◆ What is being asked ◆
If pictures appear, leave them out, and return exactly the lines from the one holding "Loja / Salão" through the last line of the listing below.

◆ Dataset content ◆
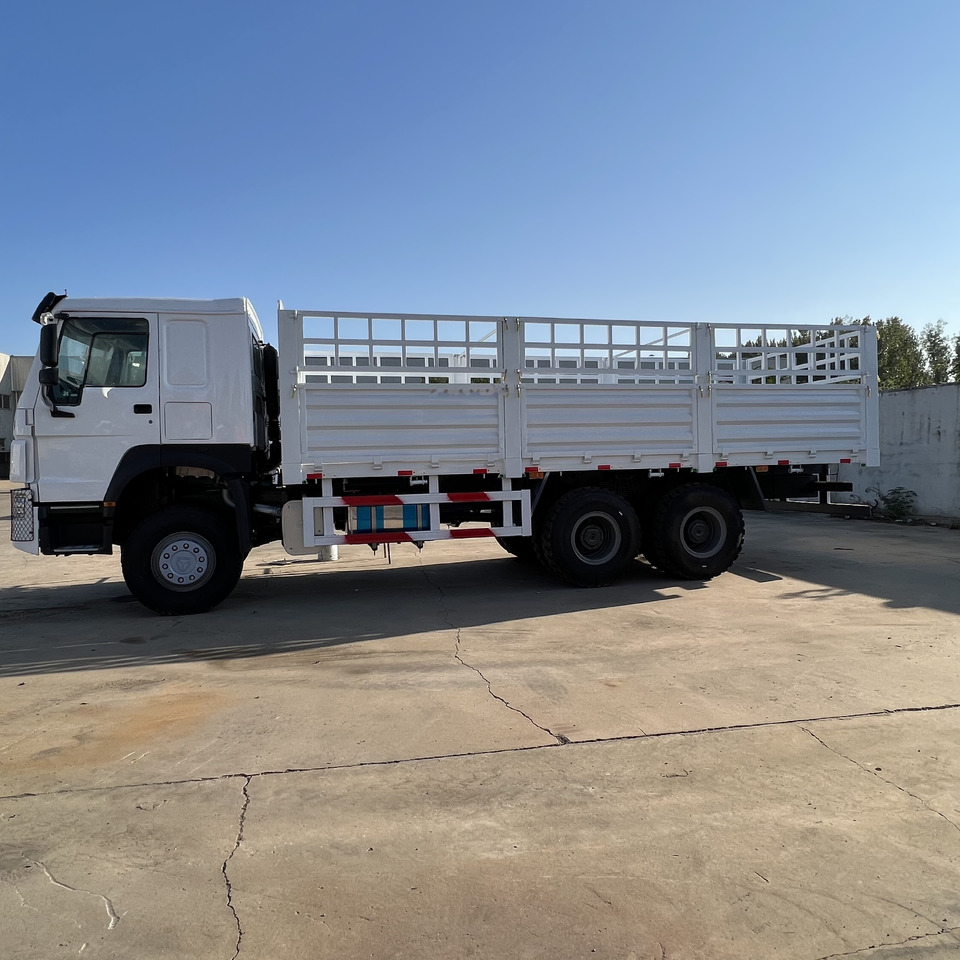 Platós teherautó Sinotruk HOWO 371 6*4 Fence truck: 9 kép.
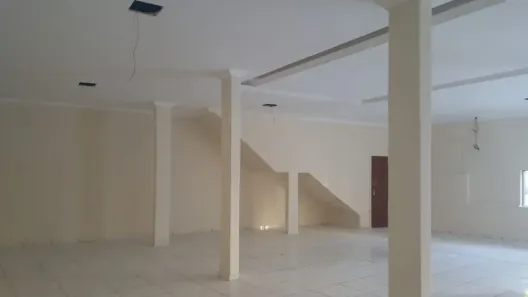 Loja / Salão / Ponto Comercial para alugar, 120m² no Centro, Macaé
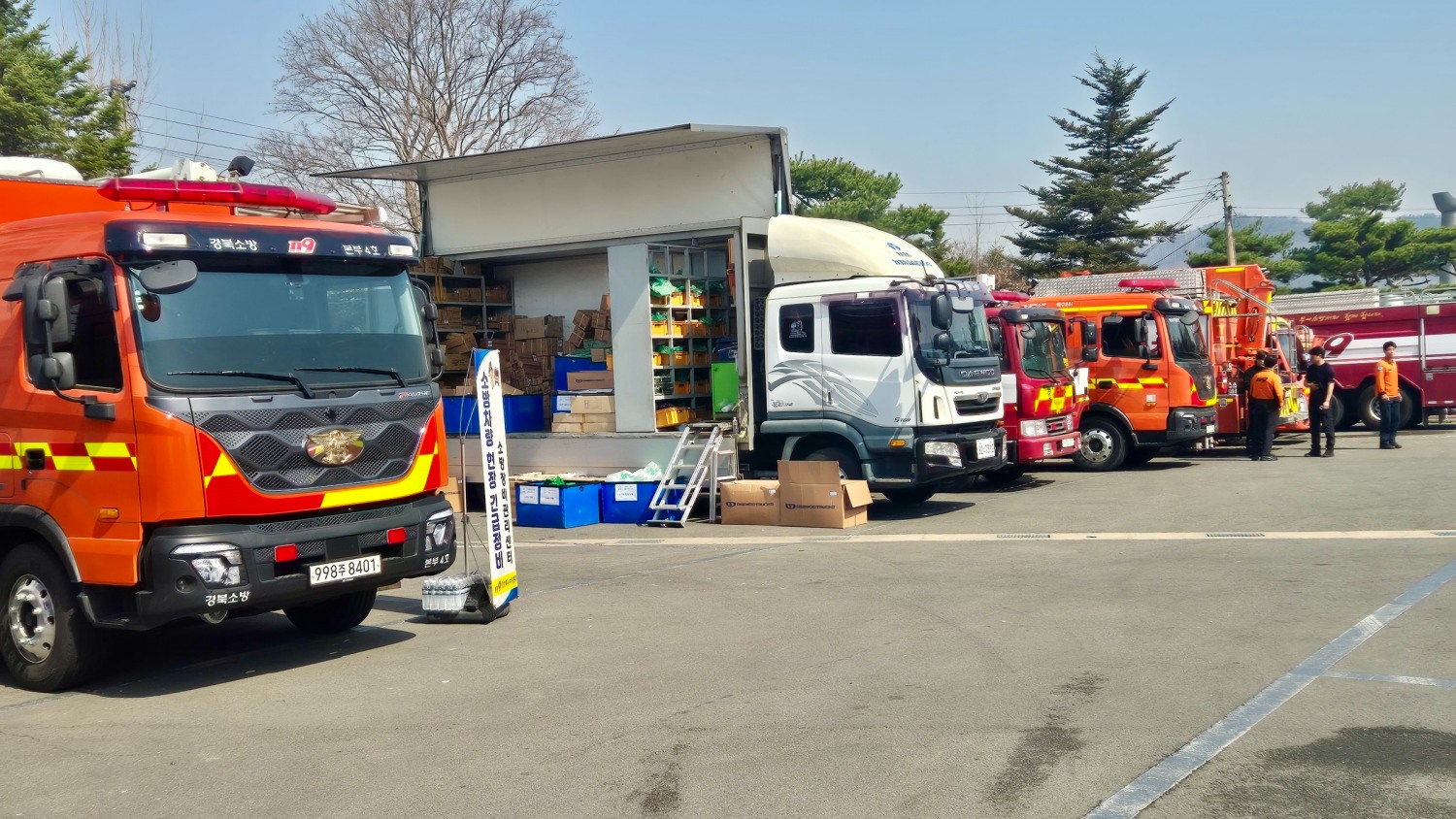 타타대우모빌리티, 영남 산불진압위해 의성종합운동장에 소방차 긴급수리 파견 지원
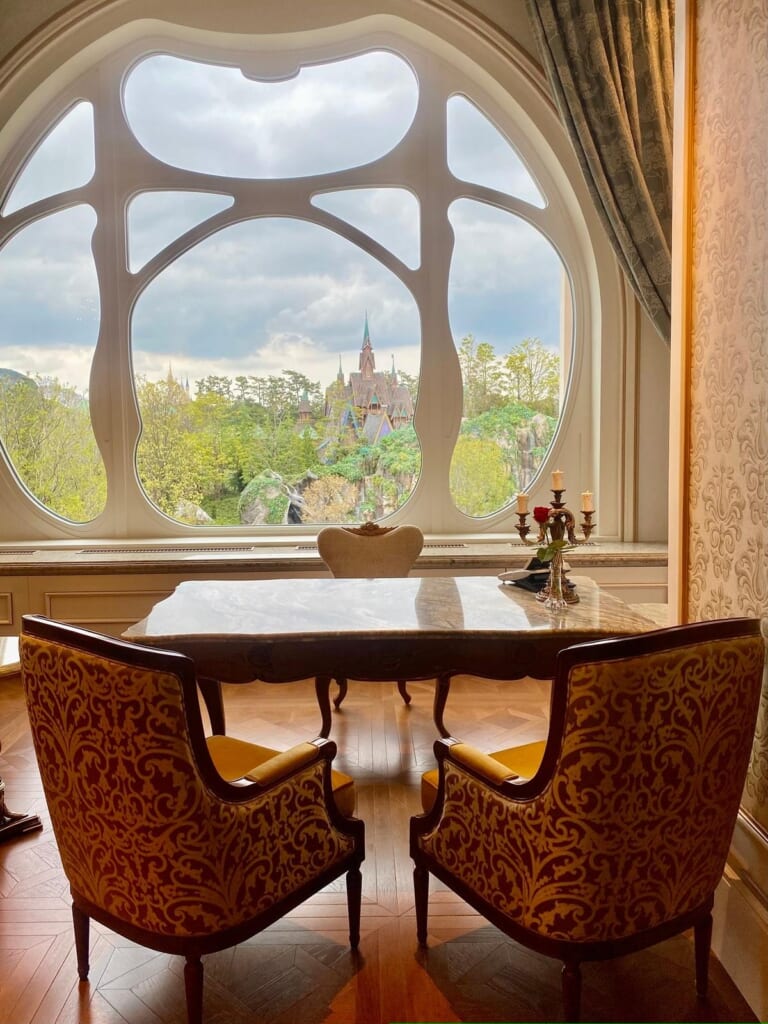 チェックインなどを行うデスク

◆ Result of the task ◆
 Loja / Salão / Ponto Comercial para alugar, 120m² no Centro, Macaé
 타타대우모빌리티, 영남 산불진압위해 의성종합운동장에 소방차 긴급수리 파견 지원
 チェックインなどを行うデスク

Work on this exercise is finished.